1932–1934 Three books by Charles Nordhoff and James Norman Hall

First (1936) edition

The Bounty Trilogy is a book comprising three novels by Charles Nordhoff and James Norman Hall. It relates events prior to, during and subsequent to the Mutiny on the Bounty.

The three novels, previously published separately, are:—

- Mutiny on the Bounty, first published 1932.
- Men Against the Sea, first published 1933.
- Pitcairn's Island, first published 1934.

The Bounty Trilogy was first published in 1936 by Little, Brown and Company, with a new preface by the authors and included vignette decorations by Henry Pitz. This edition used the plates from the original novels and had 903 pages.
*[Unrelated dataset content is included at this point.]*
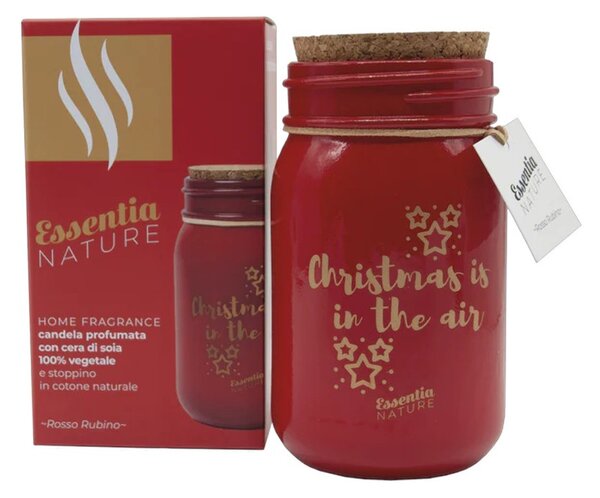 Essentia Candela Profumata in Giara Rosso Rubino 60 ore Cera di Soia 100% Vegetale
In 1940 a new edition was published by Little, Brown and Company, with illustrations by N C Wyeth. This edition used new plates and because of the use of a smaller font, and smaller margins, and other space saving techniques, the pages in this edition were reduced from 903 pages to 691 pages. Nordhoff and Hall added a paragraph to their preface.

In 1953 a School Edition was prepared by Florence Doerr Jones and published by the Globe Book Company of New York. This version of The Bounty Trilogy is an abridgment and does not preserve the dimensions of the original publication. In addition to abridging the trilogy, the number of characters was reduced, and the vocabulary was simplified wherever possible.